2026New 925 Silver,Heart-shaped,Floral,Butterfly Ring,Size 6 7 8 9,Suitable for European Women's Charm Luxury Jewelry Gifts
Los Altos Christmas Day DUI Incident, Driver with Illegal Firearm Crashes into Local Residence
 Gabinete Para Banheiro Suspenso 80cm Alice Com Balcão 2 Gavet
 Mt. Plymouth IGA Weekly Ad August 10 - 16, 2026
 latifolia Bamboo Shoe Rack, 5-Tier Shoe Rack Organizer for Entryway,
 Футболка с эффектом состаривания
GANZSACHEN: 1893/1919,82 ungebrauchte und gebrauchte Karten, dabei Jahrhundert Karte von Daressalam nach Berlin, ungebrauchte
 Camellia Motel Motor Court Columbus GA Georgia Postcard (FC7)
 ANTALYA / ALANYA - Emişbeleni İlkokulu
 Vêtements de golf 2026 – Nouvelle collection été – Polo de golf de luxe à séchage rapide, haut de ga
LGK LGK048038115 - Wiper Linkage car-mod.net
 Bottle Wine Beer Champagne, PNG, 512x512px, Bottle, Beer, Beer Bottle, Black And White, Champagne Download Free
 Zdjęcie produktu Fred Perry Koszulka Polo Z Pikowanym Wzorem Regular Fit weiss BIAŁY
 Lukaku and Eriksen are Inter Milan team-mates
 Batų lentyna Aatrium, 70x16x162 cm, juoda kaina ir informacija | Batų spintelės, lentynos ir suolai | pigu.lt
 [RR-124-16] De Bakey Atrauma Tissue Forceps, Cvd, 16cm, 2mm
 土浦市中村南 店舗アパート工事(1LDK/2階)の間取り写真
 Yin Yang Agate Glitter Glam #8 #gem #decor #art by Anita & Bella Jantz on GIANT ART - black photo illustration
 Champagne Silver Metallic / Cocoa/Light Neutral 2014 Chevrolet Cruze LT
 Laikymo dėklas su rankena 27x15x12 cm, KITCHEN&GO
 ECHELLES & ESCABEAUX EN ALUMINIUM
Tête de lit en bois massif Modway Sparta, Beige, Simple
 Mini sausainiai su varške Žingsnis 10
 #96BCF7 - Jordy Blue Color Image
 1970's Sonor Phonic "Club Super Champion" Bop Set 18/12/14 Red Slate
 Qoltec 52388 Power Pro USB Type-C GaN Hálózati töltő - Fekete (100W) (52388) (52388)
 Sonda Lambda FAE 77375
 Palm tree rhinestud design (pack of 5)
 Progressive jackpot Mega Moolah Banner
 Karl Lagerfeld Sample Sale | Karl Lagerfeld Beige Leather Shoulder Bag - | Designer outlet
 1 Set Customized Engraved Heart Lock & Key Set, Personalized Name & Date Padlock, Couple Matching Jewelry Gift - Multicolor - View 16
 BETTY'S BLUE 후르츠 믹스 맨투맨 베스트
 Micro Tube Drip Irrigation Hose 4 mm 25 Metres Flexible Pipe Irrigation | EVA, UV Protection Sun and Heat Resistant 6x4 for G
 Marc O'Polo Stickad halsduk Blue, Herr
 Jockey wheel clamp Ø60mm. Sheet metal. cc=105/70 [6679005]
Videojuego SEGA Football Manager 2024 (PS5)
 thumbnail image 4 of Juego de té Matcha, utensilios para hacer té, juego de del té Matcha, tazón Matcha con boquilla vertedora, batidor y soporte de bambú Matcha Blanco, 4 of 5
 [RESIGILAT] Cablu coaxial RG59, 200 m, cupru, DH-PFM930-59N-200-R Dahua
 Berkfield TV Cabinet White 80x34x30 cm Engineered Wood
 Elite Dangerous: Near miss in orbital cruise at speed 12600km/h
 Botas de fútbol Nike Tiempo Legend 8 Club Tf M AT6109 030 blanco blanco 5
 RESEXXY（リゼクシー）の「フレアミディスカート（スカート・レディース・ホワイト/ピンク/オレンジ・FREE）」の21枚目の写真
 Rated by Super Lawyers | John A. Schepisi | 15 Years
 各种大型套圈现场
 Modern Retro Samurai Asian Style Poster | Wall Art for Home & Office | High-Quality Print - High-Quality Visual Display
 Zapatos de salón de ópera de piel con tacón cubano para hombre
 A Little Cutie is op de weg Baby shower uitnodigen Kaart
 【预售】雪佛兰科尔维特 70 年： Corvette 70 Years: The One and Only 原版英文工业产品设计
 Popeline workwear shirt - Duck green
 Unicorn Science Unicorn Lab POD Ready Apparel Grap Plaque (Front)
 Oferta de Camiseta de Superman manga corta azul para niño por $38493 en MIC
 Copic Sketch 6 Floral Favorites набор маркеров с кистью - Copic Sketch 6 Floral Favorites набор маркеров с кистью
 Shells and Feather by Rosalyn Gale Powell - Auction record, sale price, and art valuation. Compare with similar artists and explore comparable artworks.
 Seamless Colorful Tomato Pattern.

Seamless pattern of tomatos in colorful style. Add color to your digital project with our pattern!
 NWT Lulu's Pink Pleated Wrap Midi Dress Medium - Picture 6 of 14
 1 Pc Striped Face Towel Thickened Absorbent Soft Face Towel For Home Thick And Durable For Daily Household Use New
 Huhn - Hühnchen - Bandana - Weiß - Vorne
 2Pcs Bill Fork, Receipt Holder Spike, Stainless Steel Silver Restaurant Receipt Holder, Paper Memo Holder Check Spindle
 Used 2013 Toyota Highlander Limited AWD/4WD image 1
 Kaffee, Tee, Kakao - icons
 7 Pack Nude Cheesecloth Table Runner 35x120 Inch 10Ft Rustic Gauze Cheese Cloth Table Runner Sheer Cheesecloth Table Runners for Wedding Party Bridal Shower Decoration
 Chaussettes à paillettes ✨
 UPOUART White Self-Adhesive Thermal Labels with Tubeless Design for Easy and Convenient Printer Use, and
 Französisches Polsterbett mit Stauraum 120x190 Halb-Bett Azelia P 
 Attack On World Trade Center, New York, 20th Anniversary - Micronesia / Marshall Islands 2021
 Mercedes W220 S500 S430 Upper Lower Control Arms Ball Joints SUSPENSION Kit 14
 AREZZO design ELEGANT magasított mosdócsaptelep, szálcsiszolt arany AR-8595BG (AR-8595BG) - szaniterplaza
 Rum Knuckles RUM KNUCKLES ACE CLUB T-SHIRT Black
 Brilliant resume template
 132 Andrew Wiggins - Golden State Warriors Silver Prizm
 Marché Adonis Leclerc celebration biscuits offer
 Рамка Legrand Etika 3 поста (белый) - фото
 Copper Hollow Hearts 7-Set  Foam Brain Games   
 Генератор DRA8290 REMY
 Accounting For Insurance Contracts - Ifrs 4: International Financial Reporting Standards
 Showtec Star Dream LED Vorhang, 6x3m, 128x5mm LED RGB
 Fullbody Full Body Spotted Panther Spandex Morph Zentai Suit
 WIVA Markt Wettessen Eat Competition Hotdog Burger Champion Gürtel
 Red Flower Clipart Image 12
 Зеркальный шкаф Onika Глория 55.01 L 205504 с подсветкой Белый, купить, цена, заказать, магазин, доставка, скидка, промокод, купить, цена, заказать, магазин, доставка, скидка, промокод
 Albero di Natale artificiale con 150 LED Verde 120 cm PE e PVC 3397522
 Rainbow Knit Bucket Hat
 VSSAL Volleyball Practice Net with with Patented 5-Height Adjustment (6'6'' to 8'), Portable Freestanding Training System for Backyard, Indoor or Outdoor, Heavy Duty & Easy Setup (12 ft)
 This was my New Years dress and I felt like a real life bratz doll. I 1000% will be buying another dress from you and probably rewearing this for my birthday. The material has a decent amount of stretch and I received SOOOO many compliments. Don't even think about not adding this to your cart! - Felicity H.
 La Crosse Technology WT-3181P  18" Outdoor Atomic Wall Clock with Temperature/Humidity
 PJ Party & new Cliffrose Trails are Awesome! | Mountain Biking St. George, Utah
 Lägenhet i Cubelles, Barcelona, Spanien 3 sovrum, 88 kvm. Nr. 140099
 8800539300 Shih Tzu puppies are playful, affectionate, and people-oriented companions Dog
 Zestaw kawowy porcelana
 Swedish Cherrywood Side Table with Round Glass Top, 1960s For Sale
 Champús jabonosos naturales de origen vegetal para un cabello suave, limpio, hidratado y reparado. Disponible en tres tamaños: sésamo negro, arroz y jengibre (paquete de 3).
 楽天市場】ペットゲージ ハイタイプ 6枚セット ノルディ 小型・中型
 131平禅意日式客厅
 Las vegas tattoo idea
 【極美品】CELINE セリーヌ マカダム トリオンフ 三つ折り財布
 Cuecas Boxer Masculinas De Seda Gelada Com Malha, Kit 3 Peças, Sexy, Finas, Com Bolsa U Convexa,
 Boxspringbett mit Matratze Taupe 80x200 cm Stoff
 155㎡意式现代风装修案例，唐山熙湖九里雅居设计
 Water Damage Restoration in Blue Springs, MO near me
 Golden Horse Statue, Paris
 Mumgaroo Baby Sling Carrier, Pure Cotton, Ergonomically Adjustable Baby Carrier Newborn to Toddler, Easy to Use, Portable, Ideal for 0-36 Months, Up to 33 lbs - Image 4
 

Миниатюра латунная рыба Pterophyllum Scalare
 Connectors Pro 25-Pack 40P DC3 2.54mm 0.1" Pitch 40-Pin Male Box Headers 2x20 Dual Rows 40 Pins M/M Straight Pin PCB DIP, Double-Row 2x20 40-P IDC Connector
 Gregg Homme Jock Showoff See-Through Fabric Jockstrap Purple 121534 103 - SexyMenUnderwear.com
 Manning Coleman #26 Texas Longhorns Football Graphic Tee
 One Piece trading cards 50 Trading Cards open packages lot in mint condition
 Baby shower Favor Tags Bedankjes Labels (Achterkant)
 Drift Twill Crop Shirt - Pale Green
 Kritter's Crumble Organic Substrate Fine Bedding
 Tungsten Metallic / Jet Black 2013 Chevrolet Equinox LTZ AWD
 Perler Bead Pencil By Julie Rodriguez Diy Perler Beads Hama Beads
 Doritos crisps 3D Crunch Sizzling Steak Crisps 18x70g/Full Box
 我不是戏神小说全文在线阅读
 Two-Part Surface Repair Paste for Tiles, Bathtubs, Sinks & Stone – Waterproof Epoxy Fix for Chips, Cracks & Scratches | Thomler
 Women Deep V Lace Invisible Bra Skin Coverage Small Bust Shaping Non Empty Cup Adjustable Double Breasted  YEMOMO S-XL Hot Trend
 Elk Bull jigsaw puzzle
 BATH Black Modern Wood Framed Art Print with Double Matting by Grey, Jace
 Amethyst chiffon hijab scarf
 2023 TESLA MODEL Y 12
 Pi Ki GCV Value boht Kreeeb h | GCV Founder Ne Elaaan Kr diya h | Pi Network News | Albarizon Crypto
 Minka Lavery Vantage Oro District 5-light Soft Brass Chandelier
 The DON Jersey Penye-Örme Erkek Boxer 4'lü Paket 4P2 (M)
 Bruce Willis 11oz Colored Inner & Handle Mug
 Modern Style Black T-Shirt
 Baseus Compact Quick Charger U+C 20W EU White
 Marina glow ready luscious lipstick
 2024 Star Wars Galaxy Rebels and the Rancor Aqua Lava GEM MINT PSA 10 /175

______________________________

→ **Goal of the exercise**: What you return must be an exact retyping of the lines above starting at the line with "Palm tree rhinestud design (pack of 5)" and ending at the line with "Oferta de Camiseta", and nothing besides.

→ **Solved problem**:
 Palm tree rhinestud design (pack of 5)
 Progressive jackpot Mega Moolah Banner
 Karl Lagerfeld Sample Sale | Karl Lagerfeld Beige Leather Shoulder Bag - | Designer outlet
 1 Set Customized Engraved Heart Lock & Key Set, Personalized Name & Date Padlock, Couple Matching Jewelry Gift - Multicolor - View 16
 BETTY'S BLUE 후르츠 믹스 맨투맨 베스트
 Micro Tube Drip Irrigation Hose 4 mm 25 Metres Flexible Pipe Irrigation | EVA, UV Protection Sun and Heat Resistant 6x4 for G
 Marc O'Polo Stickad halsduk Blue, Herr
 Jockey wheel clamp Ø60mm. Sheet metal. cc=105/70 [6679005]
Videojuego SEGA Football Manager 2024 (PS5)
 thumbnail image 4 of Juego de té Matcha, utensilios para hacer té, juego de del té Matcha, tazón Matcha con boquilla vertedora, batidor y soporte de bambú Matcha Blanco, 4 of 5
 [RESIGILAT] Cablu coaxial RG59, 200 m, cupru, DH-PFM930-59N-200-R Dahua
 Berkfield TV Cabinet White 80x34x30 cm Engineered Wood
 Elite Dangerous: Near miss in orbital cruise at speed 12600km/h
 Botas de fútbol Nike Tiempo Legend 8 Club Tf M AT6109 030 blanco blanco 5
 RESEXXY（リゼクシー）の「フレアミディスカート（スカート・レディース・ホワイト/ピンク/オレンジ・FREE）」の21枚目の写真
 Rated by Super Lawyers | John A. Schepisi | 15 Years
 各种大型套圈现场
 Modern Retro Samurai Asian Style Poster | Wall Art for Home & Office | High-Quality Print - High-Quality Visual Display
 Zapatos de salón de ópera de piel con tacón cubano para hombre
 A Little Cutie is op de weg Baby shower uitnodigen Kaart
 【预售】雪佛兰科尔维特 70 年： Corvette 70 Years: The One and Only 原版英文工业产品设计
 Popeline workwear shirt - Duck green
 Unicorn Science Unicorn Lab POD Ready Apparel Grap Plaque (Front)
 Oferta de Camiseta de Superman manga corta azul para niño por $38493 en MIC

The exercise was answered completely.